# Are intercoolers directional?



## matt92vr4 (Jul 1, 2002)

Does it matter which direction the air flow through an intercooler? I have one from an 1989 Thunderbird.
Thanks


----------



## Scooter98144 (Jul 15, 2002)

*Re: Are intercoolers directional? (matt92vr4)*

Well depending on what side the hot air goes in it will eaither cool it down or HEAT it up..! So you need to check that before installing it.

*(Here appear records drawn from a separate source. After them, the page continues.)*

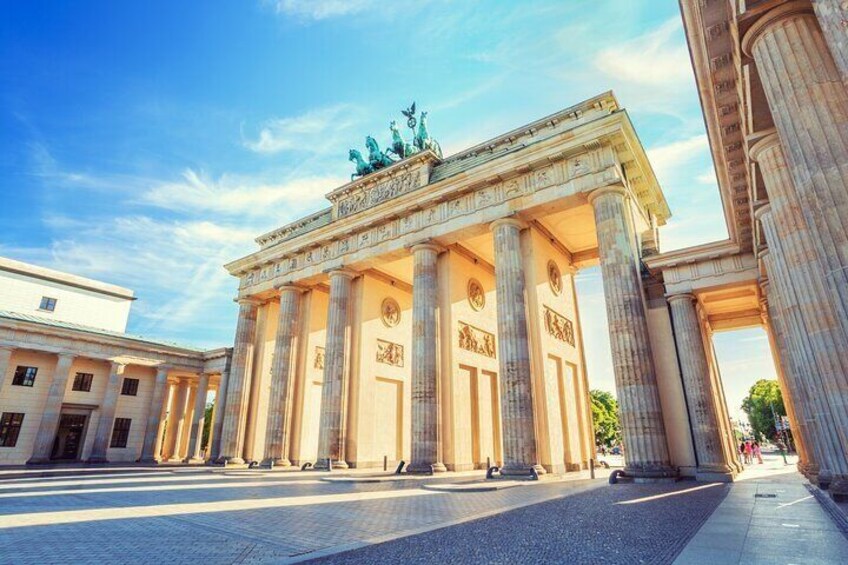 Highlights of Berlin Private Tour with Car Transport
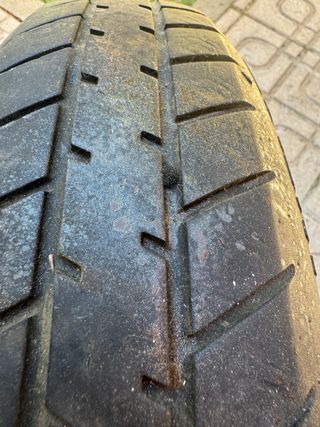 llanta de repuesto galleta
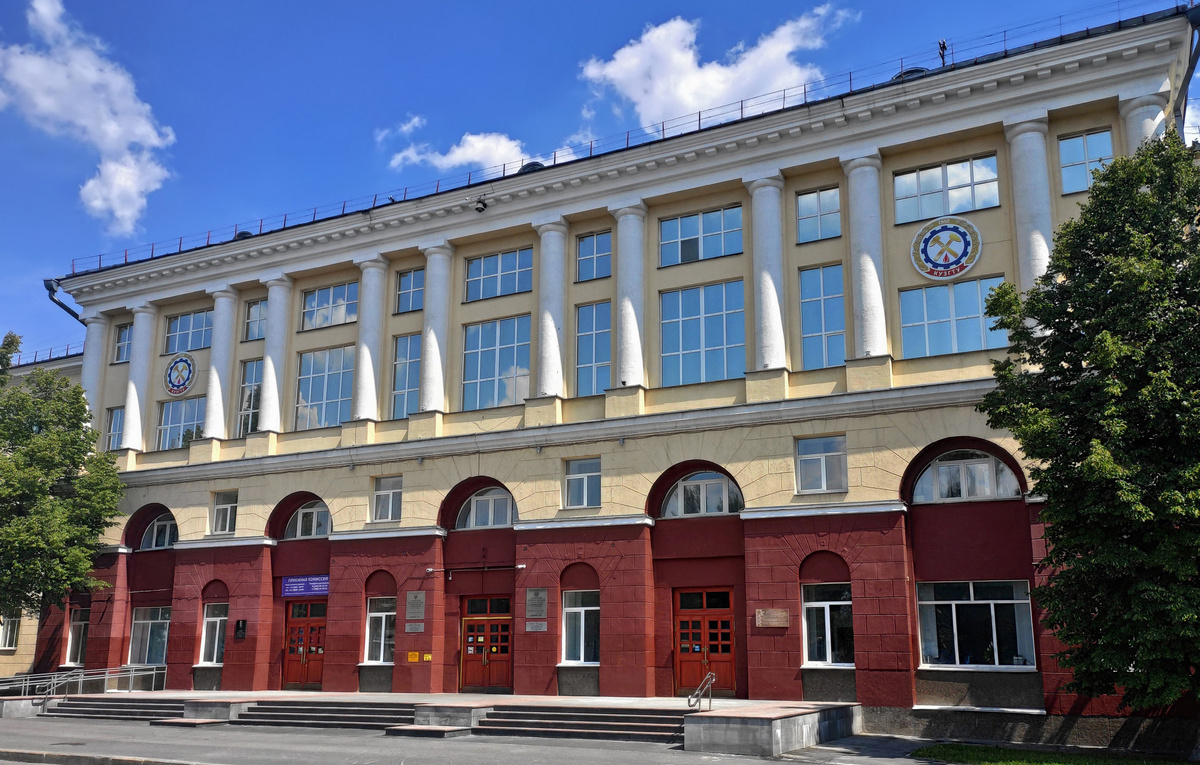    Здание КузГТУ  TsibaevAlex/Shutterstock/FOTODOM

But realy just look at the cooler the only thing that would matter is pipe fitting direction but not much else. So know it should not matter at all.


----------



## Stephen Webb (Apr 12, 2001)

*Re: Are intercoolers directional? (matt92vr4)*

quote:[HR][/HR]Does it matter which direction the air flow through an intercooler? I have one from an 1989 Thunderbird.
Thanks[HR][/HR]​Most intercoolers seem to have the same size inlet as outlet. The ones with different sized inlets/outlets were designed with a flow direction in mind, but good luck getting a consensus on Vortex as to which side gets the larger tube. (I say the inlet gets the larger tube as the air after the intercooler is cooler and more dense, hence takes up less volume and would seemingly require a smaller tube...others have their own theories.)
Other than tube size, inlet and outlet tank design may differ, I suppose - perhaps one side would be better suited to inflow than outflow, or something. Fittment will likely dictate which way you flow the air through it anyway, so I wouldn't worry about it too much.
-Steve


----------



## GreenRallye (Aug 20, 2001)

*Re: Are intercoolers directional? (Stephen Webb)*

if you run the air in the wrong side of an rallye intercooler, it doesnt flow as good..
some intercoolers have an internal "wall" to guide the air to the whole ic..


----------



## matt92vr4 (Jul 1, 2002)

*Re: Are intercoolers directional? (matt92vr4)*

thanks for your responses. I'll have to do a little more research.


----------



## EuroVeeDub (Nov 16, 2001)

*Re: Are intercoolers directional? (matt92vr4)*

Done with your turbo project yet?


----------



## matt92vr4 (Jul 1, 2002)

*Re: Are intercoolers directional? (EuroVeeDub)*

the turbo is on, the oil lines are run, the i/c is in... The only thing stopping me is the rear motor mount. It was totally in the way so I have to install an A1 side mount. I'm waiting for that to get here and then it will be done in a day


----------



## vwgtirob (Aug 16, 2001)

*Re: Are intercoolers directional? (matt92vr4)*

The cores don't have direction (at least any that I've seen), but various baffles to even out airflow will dictate direction, as will asymmetrical endcaps.


----------